## REQUIRED WORK
Please give back the listing exactly, without any of its pictures.

## DATA BELOW
* * * * * * * * *

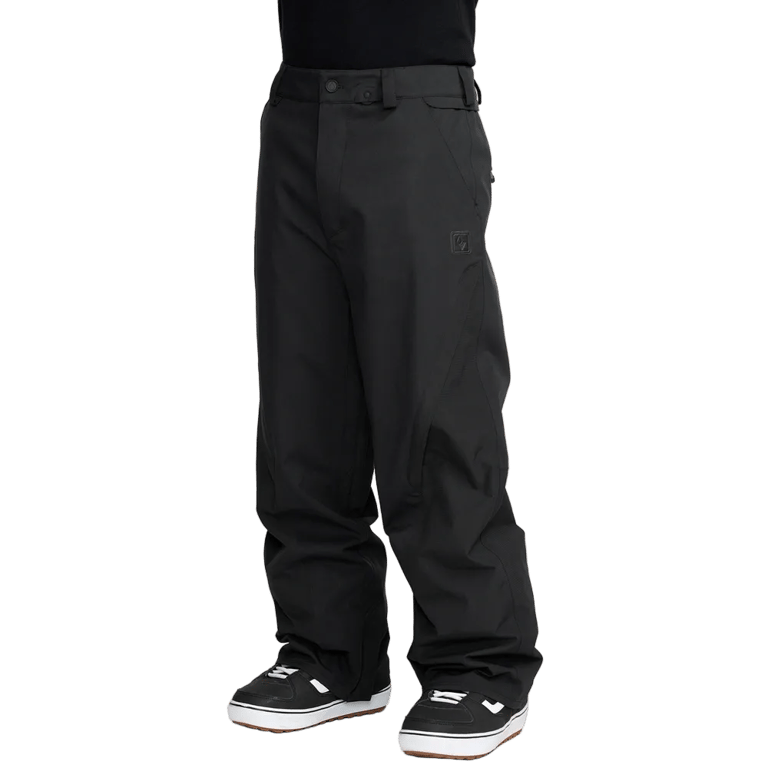 Black Volcom Kleveland snowboard pants featuring a relaxed fit, belt loops, and side pockets in a three-quarter view.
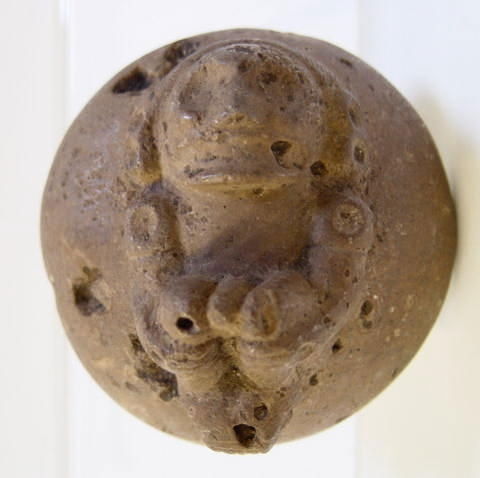 474A Taino Stone Body Stamp: Ca. 1000-1500 A.D., Santo Domingo, figural front design with the reverse stamp of circular geometric design, measures 4" diameter.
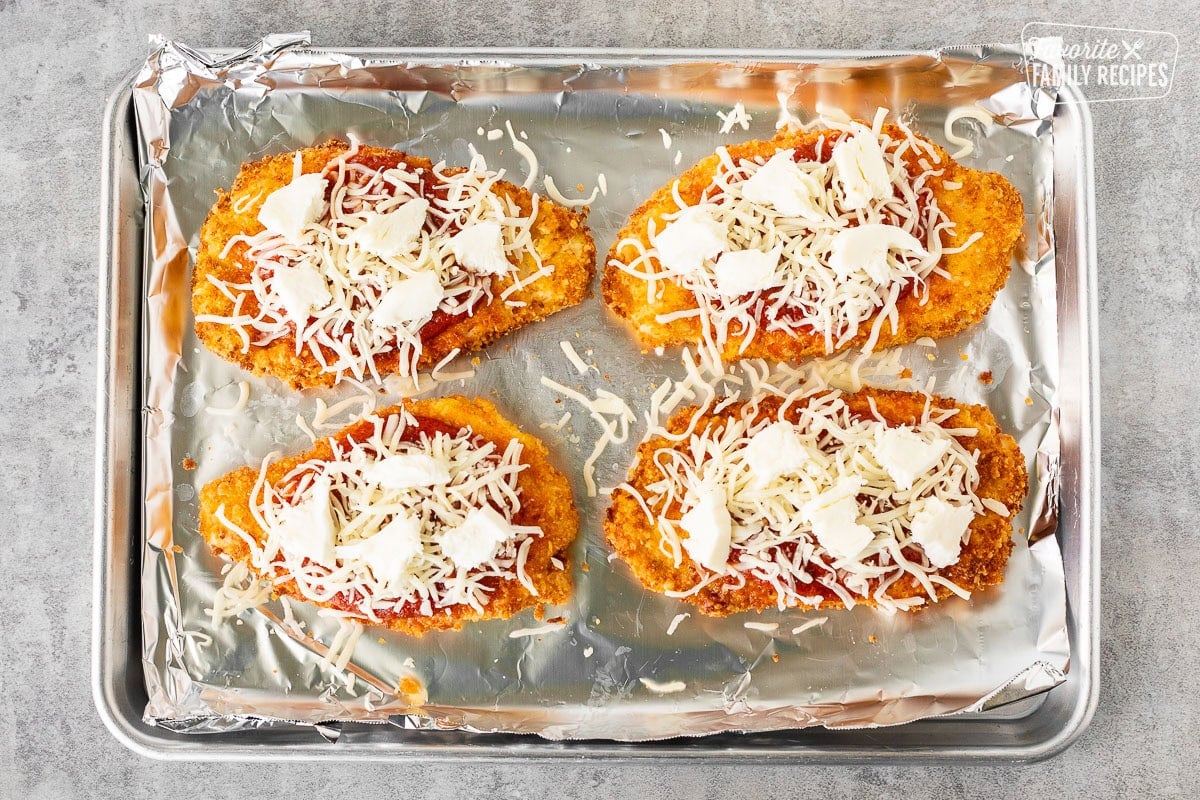 Sprinkling cheese on top of Chicken Parmesan with marinara.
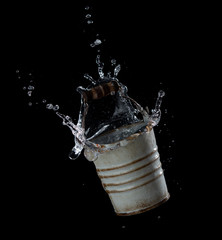 Sticker - Metal bucket with water splash or explosion flying in the air isolated on black background,Motion blur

* * * * * * * * *

## EXERCISE RESULT
 Black Volcom Kleveland snowboard pants featuring a relaxed fit, belt loops, and side pockets in a three-quarter view.
 474A Taino Stone Body Stamp: Ca. 1000-1500 A.D., Santo Domingo, figural front design with the reverse stamp of circular geometric design, measures 4" diameter.
 Sprinkling cheese on top of Chicken Parmesan with marinara.
 Sticker - Metal bucket with water splash or explosion flying in the air isolated on black background,Motion blur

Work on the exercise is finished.